My networking is clearly bollixed, but I can't figure out how:
derek@vinka:~$ nslookup google.com ;; connection timed out; no servers could be reached derek@vinka:~$ curl google.com <HTML><HEAD><meta http-equiv="content-type" content="text/html;charset=utf-8"> <TITLE>301 Moved</TITLE></HEAD><BODY> <H1>301 Moved</H1> The document has moved <A HREF="http://www.google.com/">here</A>. </BODY></HTML>
Surely, if I can't look up a domain, I shouldn't be able to browse to it. Can anybody explain what's going on here?
tracepath is also just a long series of either
no reply responses.
(fwiw, everything was working, but I'm trying to change my secondary router—on a 50' ethernet cable—connected to the cable modem/router to become an AP on the same subnet, instead of being a router on its own subnet)

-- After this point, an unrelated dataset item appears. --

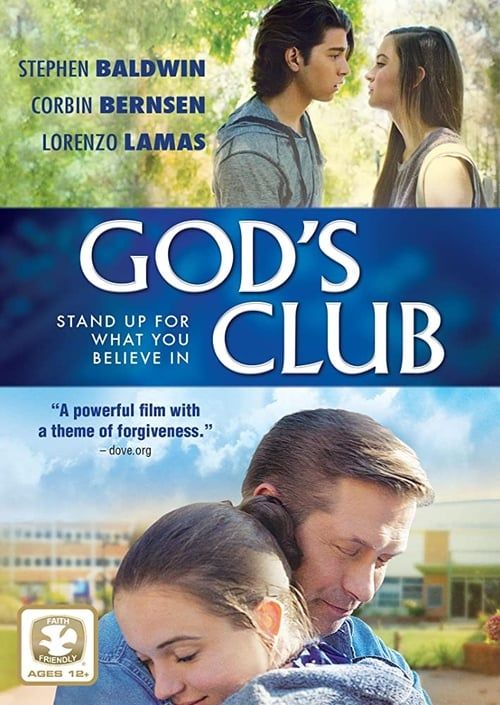 Key visual of God's Club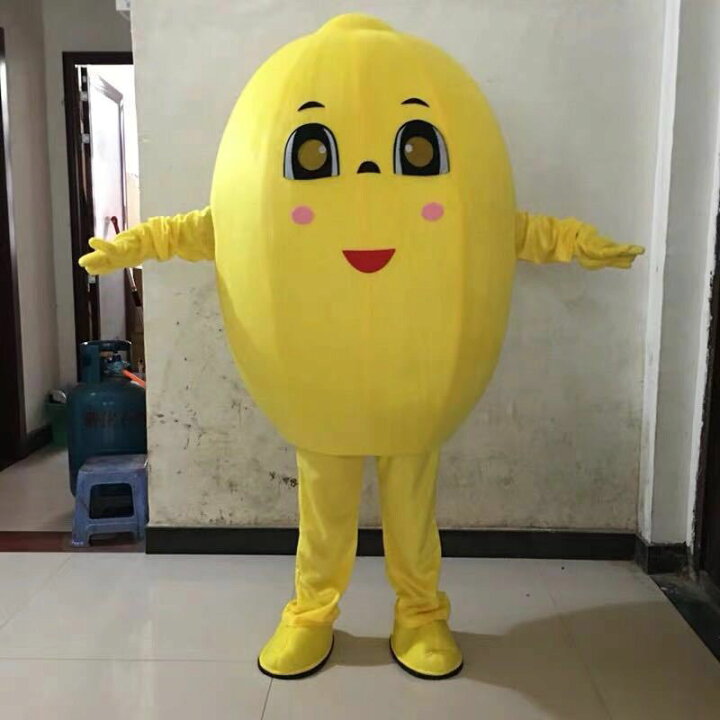 楽天市場 コスプレ衣装 着ぐるみ 大人用着ぐるみ きぐるみ キャラクター ハロウィン 仮装 レモン3 リタハウス 楽天市場店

derek@vinka:~$ env | grep -i proxy derek@vinka:~$ cat /etc/hosts 127.0.0.1 localhost 127.0.1.1 vinka # The following lines are desirable for IPv6 capable hosts ::1 ip6-localhost ip6-loopback fe00::0 ip6-localnet ff00::0 ip6-mcastprefix ff02::1 ip6-allnodes ff02::2 ip6-allrouters derek@vinka:~$ derek@vinka:~$ nslookup > server Default server: 127.0.1.1 Address: 127.0.1.1#53
Interestingly, I get the same result from a system running NetworkManager and another running Connmand.
If I lookup through my router (
nslookup host 192.168.0.1), I still can't get any resolutions, but browsers/curl/wget always work on my laptop, my raspberry Pi media server, and my phone—all of them running different OSes.
What about /etc/nsswitch?
derek@vinka:~$ grep hosts /etc/nsswitch.conf hosts: files mdns4_minimal dns [NOTFOUND=return] resolve [!UNAVAIL=return] dns
Clearly that last
dns is redundant, but it looks right, otherwise.